Ticha Sethapakdi

11 Mar 2014

To be honest, I still don’t know what exactly I want to make for my capstone project–but I do know that I want to create something tangible, interactive, and playful.

MIDI Sprout

MIDI Sprout is a kickstarter project that aims to convert the activities of plants into music. By sending a small electrical current to a plant and measuring the plant’s resistance to the current, the MIDI Sprout is able to create music from the plant’s natural biorhythms. While the project is still in its early development phase, I feel like it has a very poetic concept with a lot of potential. Recognizing the omnipresence of music in our daily lives and actually manifesting it in some way is one trait of MIDI Sprout which caught my attention–another trait is its ability to depict plants as sentient beings capable of making music rather than just…plants.

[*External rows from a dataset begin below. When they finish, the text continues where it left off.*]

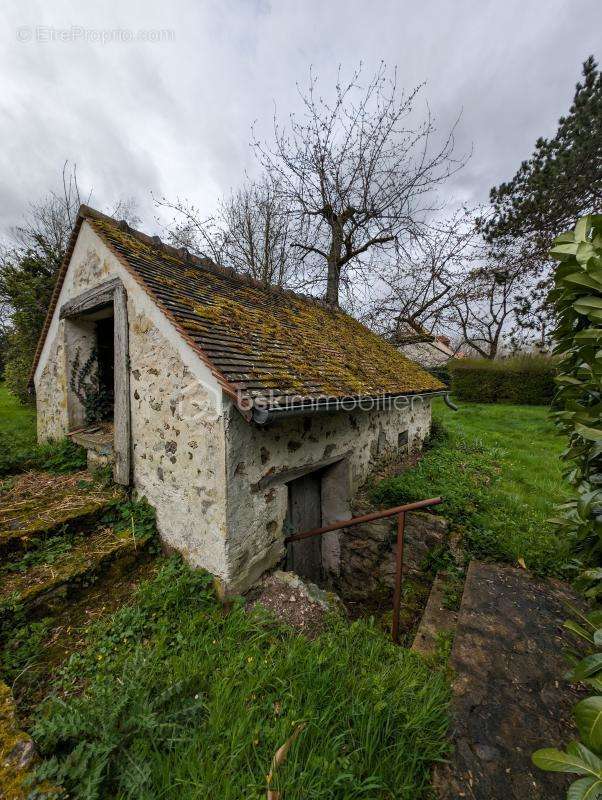 Maison à DOUE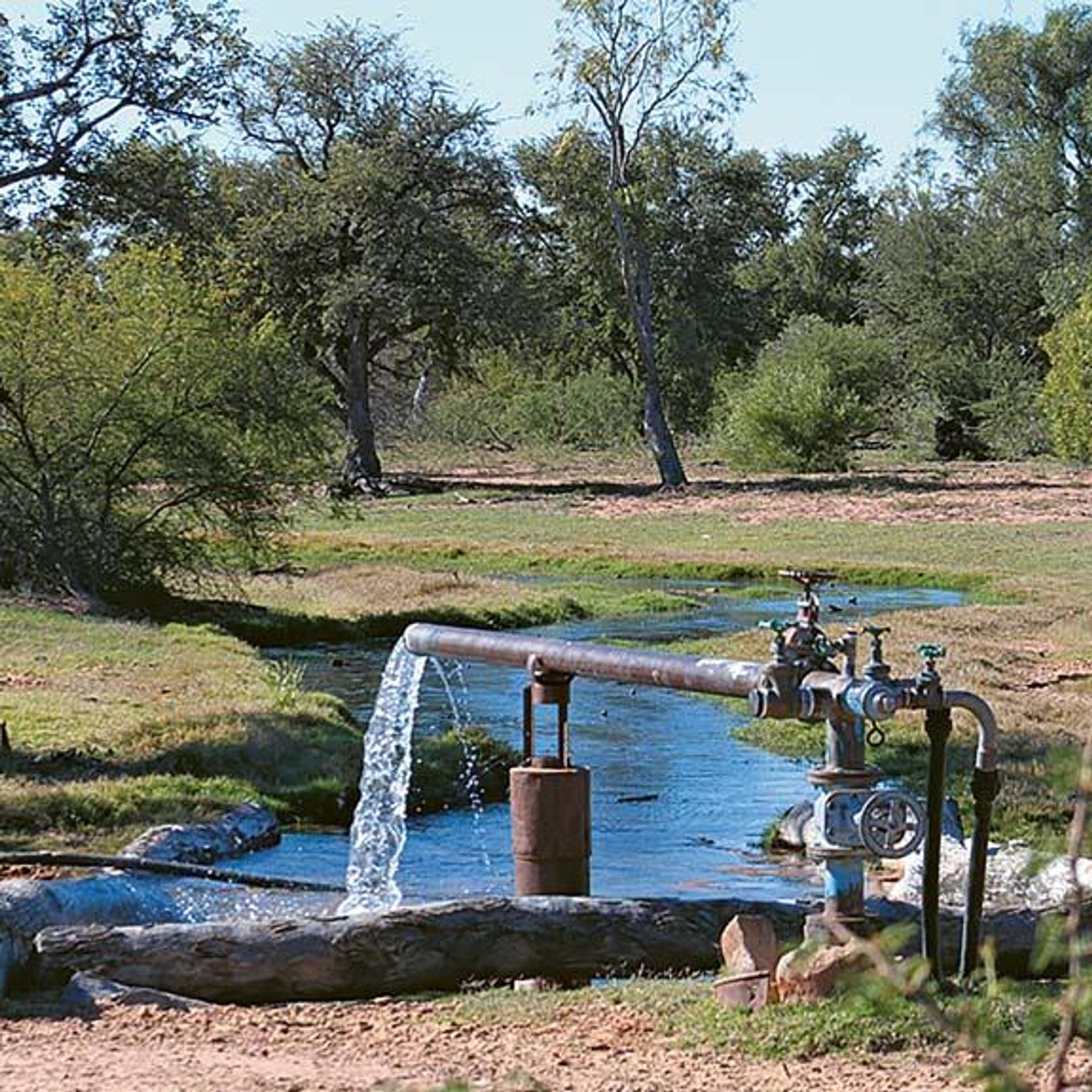 Julia Creek Caravan Park - 2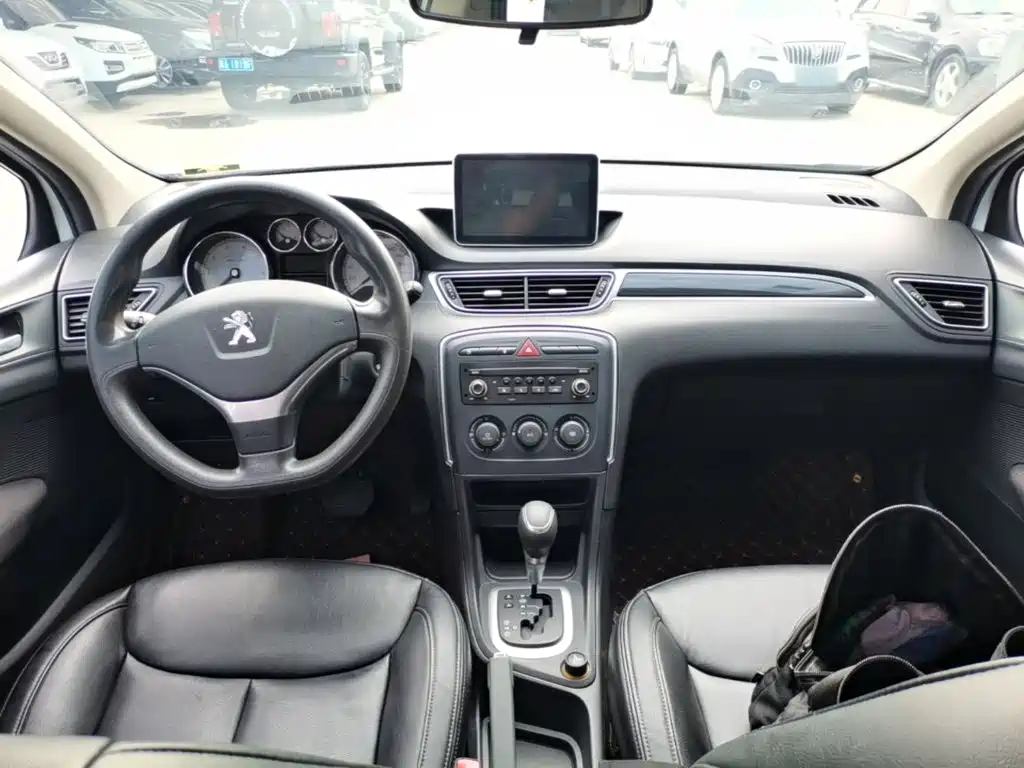 Photo 10 - Peugeot 308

Because of these characteristics, the project sparks a lot of curiosity in me and makes me want to test the device on all the plants I can find to see the results. I hope I can evoke a similar feeling from people for my capstone project.

 

Fine Collection of Curious Sound Objects by Georg Reil

This project exhibits the same ‘playful’ characteristic I described above. What I particularly like about this project is that the behavior of each object is not immediately apparent from the object’s appearance. That characteristic adds more wonder to each object and encourages viewers to discover each object’s function. If I am unable to come up with other ideas, I may end up doing a project that will be very similar to this one–I just need to find ways to distinguish my project from Reil’s.

 

Mew by Emily Groves

What captivated me about this project is its poetic simplicity. Mew is an interactive sound piece that basically purrs as the viewer approaches the piece, and makes distorted cat sounds when the viewer strokes the fur. The piece is simultaneously charming, playful, uncanny, and unnerving–and it’s only a lump of fur on a crudely-made wooden stand. Its unassuming appearance prevents viewers from having many predisposed expectations of the object, so its behavior when the fur is stroked would come as a weird surprise to people. Ideally, I would like to include a similar element of surprise in my capstone project, but ‘surprise’ is difficult to achieve because it’s hard to create a novel idea that not many people have seen before.